I dati che descrivono lo stato di salute della Pubblica amministrazione dimostrano, ancor di più in questa lunga fase di emergenza pandemica, la necessità non più rinviabile di un piano straordinario di nuova occupazione nei servizi pubblici, che garantisca i diritti dei cittadini e dei lavoratori. Da tempo sosteniamo, attraverso la nostra campagna ‘Assunzioni Subito’, che l’emorragia di dipendenti pubblici nel nostro paese è tale da far cadere progressivamente a pezzi l’intero sistema pubblico. Una tendenza che si aggrava ogni anno e che va invertita assicurando l’inserimento stabile nelle pubbliche amministrazioni di almeno 500 mila persone nei prossimi tre anni, per poter garantire un’adeguata offerta di servizi ai cittadini.
La Pubblica amministrazione, infatti, come dimostrano i dati del Conto annuale dello Stato, così come rielaborati da FPA, potrebbe già nel corso di questo anno avere più pensionati che dipendenti, per effetto del continuo calo del personale e un equilibrio fra ingressi e uscite che, nonostante lo sblocco del turnover, non è ancora stato raggiunto. A fronte di 3,2 milioni di impiegati pubblici italiani (in termini assoluti il 59% di quelli francesi, il 65% di quelli inglese, il 70% di quelli tedeschi) i pensionati pubblici sono già 3 milioni.
Un numero in crescita costante e destinato a salire perché i “pensionabili” oggi sono molti. Da una nostra elaborazione sui dati dell’ultimo Conto annuale disponibile (2018), escluso il comparto Istruzione e Ricerca, le lavoratrici e i lavoratori nella fascia d’età dai 55 agli oltre 68 anni sono più di 600 mila (al netto delle assunzioni Covid e delle stabilizzazioni non contemplate nel Conto annuale 2018). Di questi poco più di 395 mila maturano i requisiti per la pensione nei prossimi due anni, determinando quindi – insieme alla restante parte probabilmente già in congedo – una voragine occupazionale.
Il risultato di questa traiettoria non viene scalfita dalle 112 mila nuove assunzioni registrate dal 2018 a oggi e alla stabilizzazione di 1.700 stabilizzazioni nel solo 2018. C’è sì lo sblocco del turnover, ma le procedure sono lente e la media dei tempi tra emersione del bisogno e effettiva assunzione dei vincitori dei concorsi è di oltre 4 anni. E così, con in più il blocco imposto dal Covid-19, da settembre del 2019 ad oggi sono state messe a concorso meno di 22 mila posizioni lavorative: di questo passo ci vorrebbero oltre dieci anni a recuperare i posti persi.

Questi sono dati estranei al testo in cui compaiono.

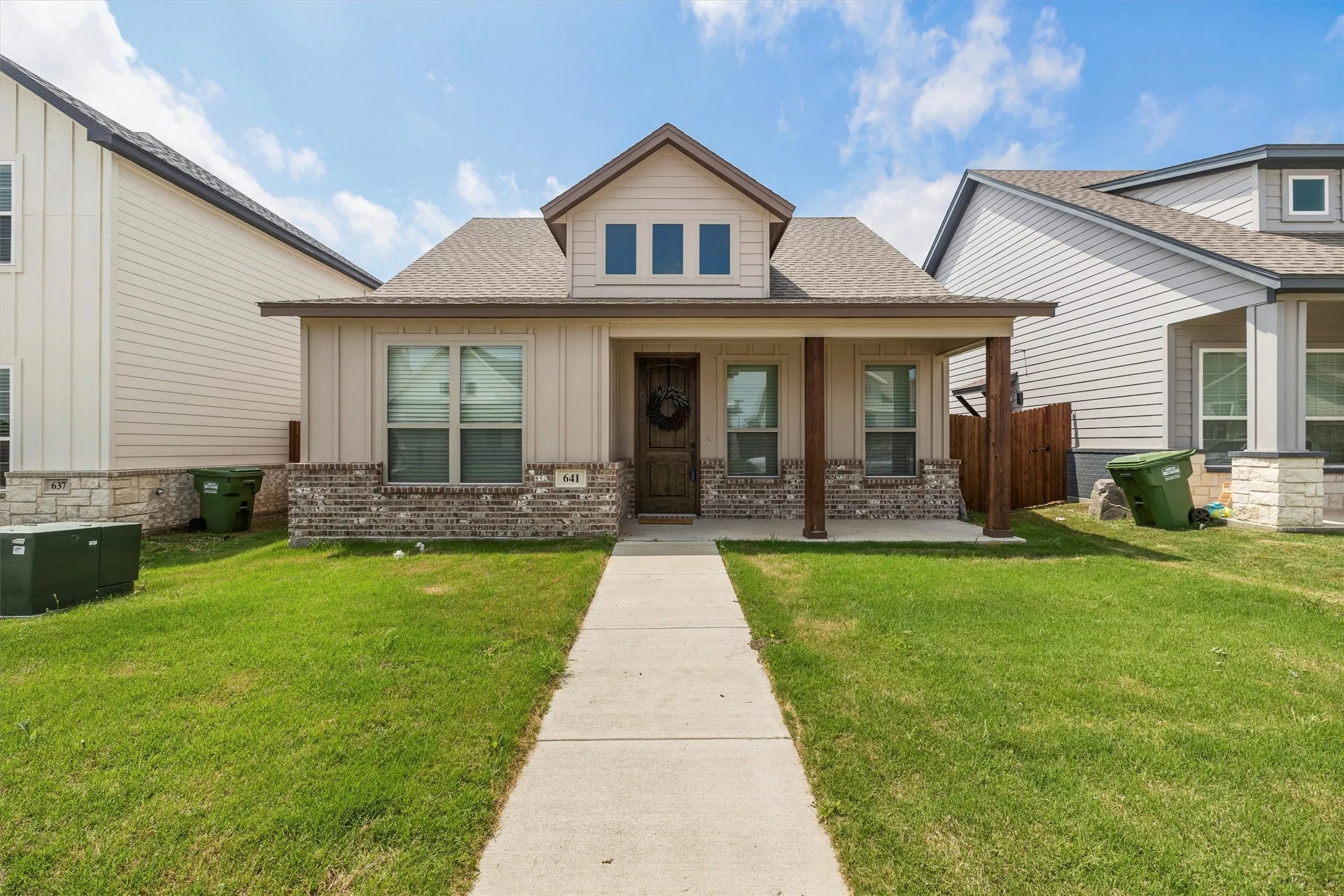 Single Family Residence For Sale in Johnson County , 641 The Cottages Drive, Godley, Texas 76044, 3 Bedroom, 2 Bathroom, 2 Garage spaces, 1,610 Sqft, built in 2022, mls#21190025, Real Estate Agent in Godley, Homes For Sale in Johnson county, Homes For Sale in Godley, Realtor in Godley Texas, Real Estate Brokerage Independent Realty Texas, Luminita Cordes Realtor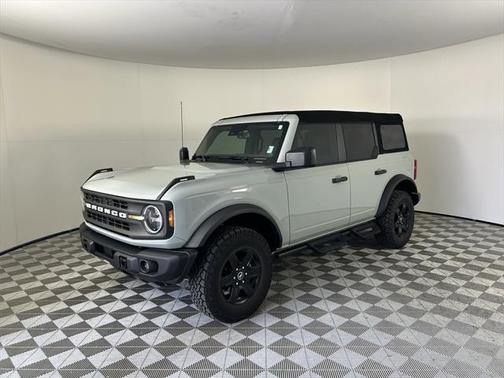 2024 Ford Bronco Black Diamond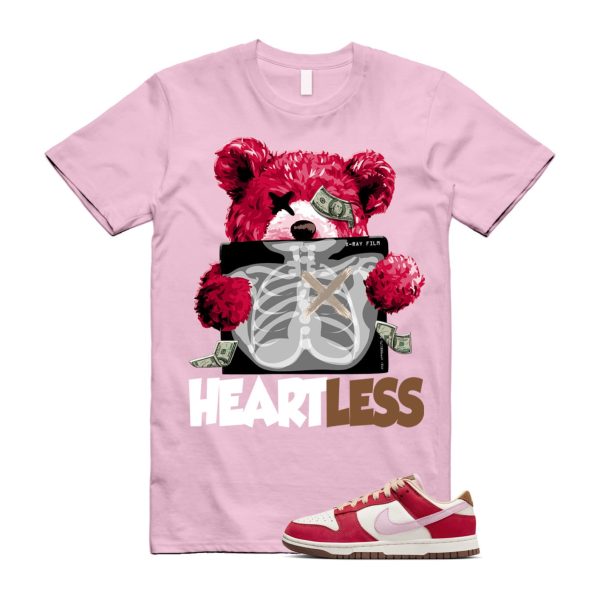 Dunk Bacon Low PRM Sport Red Sheen Sail Medium Brown White T Shirt Match HEART ,FB7910-600 Jezsport.com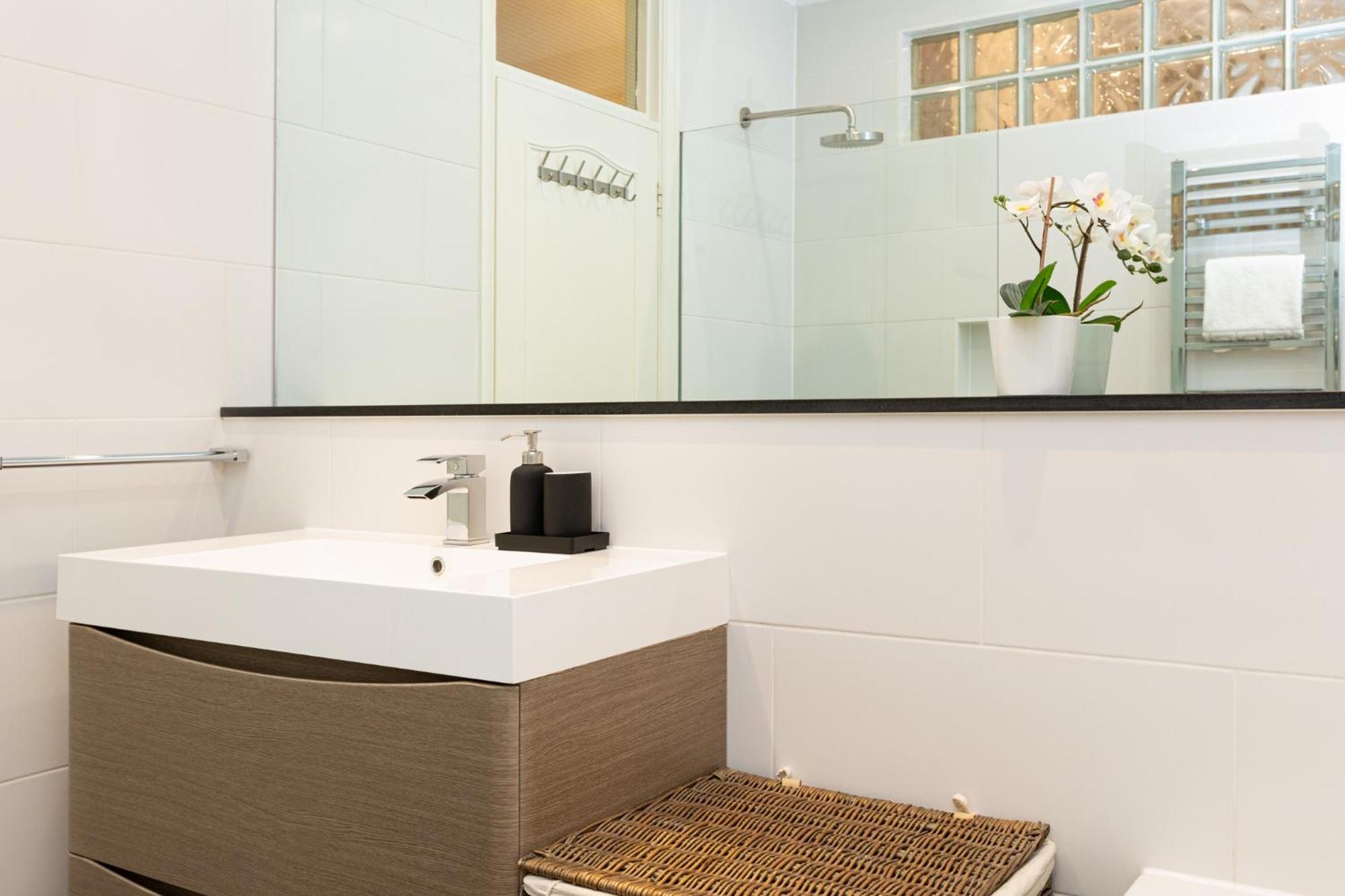 Appartement Bright & Charming 2br Flat Wbalcony In Maida Vale Londres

Per riflettere sull’esigenza di invertire il trend che vede una Pa sempre più anziana – in cui l’età media del personale è di 50,7 anni, con il 16,9% di dipendenti over 60 e appena il 2,9% under 30 – con la Rivista giuridica del Lavoro e della Previdenza sociale abbiamo promosso per venerdì 5 marzo un convegno online (sulle pagine Facebook della Fp Cgil e di Collettiva) dietro le parole ‘Rinnovamento delle Pa e nuovo reclutamento’ per discutere, con il contributo di autorevoli esperti, di nuove assunzioni e diverse procedure, ma anche di rilancio della formazione. I dati, su questo punto, dimostrano che gli investimenti in formazione, necessari per aggiornare competenze e conoscenze, si sono quasi dimezzati in dieci anni, passando dai 262 milioni di euro del 2008 ai 154 milioni del 2018: 48 euro per dipendente, che consentono di offrire in media un solo giorno di formazione l’anno a persona.
Da tempo lo denunciamo, ma ora siamo alle soglie di un punto di non ritorno. Senza un piano straordinario di nuove assunzioni stabili, senza porre un freno al precariato cresciuto anche nel corso di questo anno per effetto della pandemia, il perimetro di intervento dei servizi pubblici continuerà ad arretrare, ci saranno meno servizi per i cittadini e il sistema finirà al collasso, a vantaggio delle privatizzazione dell’aumento delle disuguaglianze. Da qui la nostra rivendicazione, per tutte e tutti: un piano straordinario di nuova occupazione nei servizi pubblici che garantisca i diritti dei cittadini e dei lavoratori.